**WHAT THIS TASK INVOLVES**
Give an exact copy of every entry.

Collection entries
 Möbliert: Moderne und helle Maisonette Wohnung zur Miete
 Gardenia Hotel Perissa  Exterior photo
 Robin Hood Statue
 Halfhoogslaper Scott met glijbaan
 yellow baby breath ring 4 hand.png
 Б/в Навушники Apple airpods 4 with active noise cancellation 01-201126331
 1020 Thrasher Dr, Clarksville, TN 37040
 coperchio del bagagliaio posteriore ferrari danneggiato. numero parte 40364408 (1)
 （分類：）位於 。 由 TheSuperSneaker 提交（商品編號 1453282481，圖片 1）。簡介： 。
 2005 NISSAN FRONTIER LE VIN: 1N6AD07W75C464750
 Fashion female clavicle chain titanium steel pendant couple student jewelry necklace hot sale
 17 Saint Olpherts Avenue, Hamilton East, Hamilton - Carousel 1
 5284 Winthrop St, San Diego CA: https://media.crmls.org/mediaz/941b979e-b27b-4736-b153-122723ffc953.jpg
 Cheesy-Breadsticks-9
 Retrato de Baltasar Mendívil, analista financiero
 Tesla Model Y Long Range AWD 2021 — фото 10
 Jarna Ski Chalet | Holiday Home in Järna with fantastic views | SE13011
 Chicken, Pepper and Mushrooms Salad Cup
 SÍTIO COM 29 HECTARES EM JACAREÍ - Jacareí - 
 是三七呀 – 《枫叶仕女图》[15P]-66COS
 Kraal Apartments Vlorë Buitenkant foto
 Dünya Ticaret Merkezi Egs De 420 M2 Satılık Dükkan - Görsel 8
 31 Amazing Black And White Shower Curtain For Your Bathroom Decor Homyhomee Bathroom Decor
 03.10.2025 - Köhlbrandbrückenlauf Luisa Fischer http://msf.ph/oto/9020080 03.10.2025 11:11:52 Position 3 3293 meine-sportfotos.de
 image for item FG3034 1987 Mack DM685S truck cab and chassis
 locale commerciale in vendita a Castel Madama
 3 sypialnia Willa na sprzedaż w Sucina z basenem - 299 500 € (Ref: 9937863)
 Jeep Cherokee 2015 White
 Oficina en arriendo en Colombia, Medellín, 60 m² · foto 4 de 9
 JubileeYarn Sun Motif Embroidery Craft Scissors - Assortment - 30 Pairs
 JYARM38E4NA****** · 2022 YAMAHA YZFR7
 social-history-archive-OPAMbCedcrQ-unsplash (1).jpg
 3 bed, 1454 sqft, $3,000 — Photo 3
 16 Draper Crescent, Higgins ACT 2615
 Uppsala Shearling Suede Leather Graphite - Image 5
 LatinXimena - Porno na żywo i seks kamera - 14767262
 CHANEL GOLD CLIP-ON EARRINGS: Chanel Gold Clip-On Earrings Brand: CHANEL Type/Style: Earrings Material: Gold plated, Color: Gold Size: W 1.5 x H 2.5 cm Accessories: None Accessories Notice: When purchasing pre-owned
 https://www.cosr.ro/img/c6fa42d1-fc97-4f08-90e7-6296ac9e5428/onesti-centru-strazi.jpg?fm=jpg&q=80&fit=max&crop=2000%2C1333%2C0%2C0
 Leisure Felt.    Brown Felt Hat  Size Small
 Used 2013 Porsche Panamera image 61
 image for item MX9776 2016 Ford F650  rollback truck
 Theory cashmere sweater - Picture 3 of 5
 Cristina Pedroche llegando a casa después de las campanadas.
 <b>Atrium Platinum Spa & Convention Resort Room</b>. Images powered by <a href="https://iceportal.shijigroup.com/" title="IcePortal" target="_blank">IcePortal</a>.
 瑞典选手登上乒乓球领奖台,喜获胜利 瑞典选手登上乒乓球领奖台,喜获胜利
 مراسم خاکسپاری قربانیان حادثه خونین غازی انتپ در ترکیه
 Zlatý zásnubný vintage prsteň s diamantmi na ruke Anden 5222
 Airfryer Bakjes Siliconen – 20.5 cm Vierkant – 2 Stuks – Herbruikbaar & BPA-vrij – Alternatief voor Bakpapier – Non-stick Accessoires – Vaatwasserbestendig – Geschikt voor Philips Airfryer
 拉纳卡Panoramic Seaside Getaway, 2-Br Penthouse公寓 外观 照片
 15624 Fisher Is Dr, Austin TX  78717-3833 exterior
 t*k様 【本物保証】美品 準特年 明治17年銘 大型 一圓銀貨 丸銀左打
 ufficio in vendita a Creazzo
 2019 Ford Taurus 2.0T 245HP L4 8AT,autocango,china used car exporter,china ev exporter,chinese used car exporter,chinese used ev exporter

**SOLVED EXERCISE**
 Möbliert: Moderne und helle Maisonette Wohnung zur Miete
 Gardenia Hotel Perissa  Exterior photo
 Robin Hood Statue
 Halfhoogslaper Scott met glijbaan
 yellow baby breath ring 4 hand.png
 Б/в Навушники Apple airpods 4 with active noise cancellation 01-201126331
 1020 Thrasher Dr, Clarksville, TN 37040
 coperchio del bagagliaio posteriore ferrari danneggiato. numero parte 40364408 (1)
 （分類：）位於 。 由 TheSuperSneaker 提交（商品編號 1453282481，圖片 1）。簡介： 。
 2005 NISSAN FRONTIER LE VIN: 1N6AD07W75C464750
 Fashion female clavicle chain titanium steel pendant couple student jewelry necklace hot sale
 17 Saint Olpherts Avenue, Hamilton East, Hamilton - Carousel 1
 5284 Winthrop St, San Diego CA: https://media.crmls.org/mediaz/941b979e-b27b-4736-b153-122723ffc953.jpg
 Cheesy-Breadsticks-9
 Retrato de Baltasar Mendívil, analista financiero
 Tesla Model Y Long Range AWD 2021 — фото 10
 Jarna Ski Chalet | Holiday Home in Järna with fantastic views | SE13011
 Chicken, Pepper and Mushrooms Salad Cup
 SÍTIO COM 29 HECTARES EM JACAREÍ - Jacareí - 
 是三七呀 – 《枫叶仕女图》[15P]-66COS
 Kraal Apartments Vlorë Buitenkant foto
 Dünya Ticaret Merkezi Egs De 420 M2 Satılık Dükkan - Görsel 8
 31 Amazing Black And White Shower Curtain For Your Bathroom Decor Homyhomee Bathroom Decor
 03.10.2025 - Köhlbrandbrückenlauf Luisa Fischer http://msf.ph/oto/9020080 03.10.2025 11:11:52 Position 3 3293 meine-sportfotos.de
 image for item FG3034 1987 Mack DM685S truck cab and chassis
 locale commerciale in vendita a Castel Madama
 3 sypialnia Willa na sprzedaż w Sucina z basenem - 299 500 € (Ref: 9937863)
 Jeep Cherokee 2015 White
 Oficina en arriendo en Colombia, Medellín, 60 m² · foto 4 de 9
 JubileeYarn Sun Motif Embroidery Craft Scissors - Assortment - 30 Pairs
 JYARM38E4NA****** · 2022 YAMAHA YZFR7
 social-history-archive-OPAMbCedcrQ-unsplash (1).jpg
 3 bed, 1454 sqft, $3,000 — Photo 3
 16 Draper Crescent, Higgins ACT 2615
 Uppsala Shearling Suede Leather Graphite - Image 5
 LatinXimena - Porno na żywo i seks kamera - 14767262
 CHANEL GOLD CLIP-ON EARRINGS: Chanel Gold Clip-On Earrings Brand: CHANEL Type/Style: Earrings Material: Gold plated, Color: Gold Size: W 1.5 x H 2.5 cm Accessories: None Accessories Notice: When purchasing pre-owned
 https://www.cosr.ro/img/c6fa42d1-fc97-4f08-90e7-6296ac9e5428/onesti-centru-strazi.jpg?fm=jpg&q=80&fit=max&crop=2000%2C1333%2C0%2C0
 Leisure Felt.    Brown Felt Hat  Size Small
 Used 2013 Porsche Panamera image 61
 image for item MX9776 2016 Ford F650  rollback truck
 Theory cashmere sweater - Picture 3 of 5
 Cristina Pedroche llegando a casa después de las campanadas.
 <b>Atrium Platinum Spa & Convention Resort Room</b>. Images powered by <a href="https://iceportal.shijigroup.com/" title="IcePortal" target="_blank">IcePortal</a>.
 瑞典选手登上乒乓球领奖台,喜获胜利 瑞典选手登上乒乓球领奖台,喜获胜利
 مراسم خاکسپاری قربانیان حادثه خونین غازی انتپ در ترکیه
 Zlatý zásnubný vintage prsteň s diamantmi na ruke Anden 5222
 Airfryer Bakjes Siliconen – 20.5 cm Vierkant – 2 Stuks – Herbruikbaar & BPA-vrij – Alternatief voor Bakpapier – Non-stick Accessoires – Vaatwasserbestendig – Geschikt voor Philips Airfryer
 拉纳卡Panoramic Seaside Getaway, 2-Br Penthouse公寓 外观 照片
 15624 Fisher Is Dr, Austin TX  78717-3833 exterior
 t*k様 【本物保証】美品 準特年 明治17年銘 大型 一圓銀貨 丸銀左打
 ufficio in vendita a Creazzo
 2019 Ford Taurus 2.0T 245HP L4 8AT,autocango,china used car exporter,china ev exporter,chinese used car exporter,chinese used ev exporter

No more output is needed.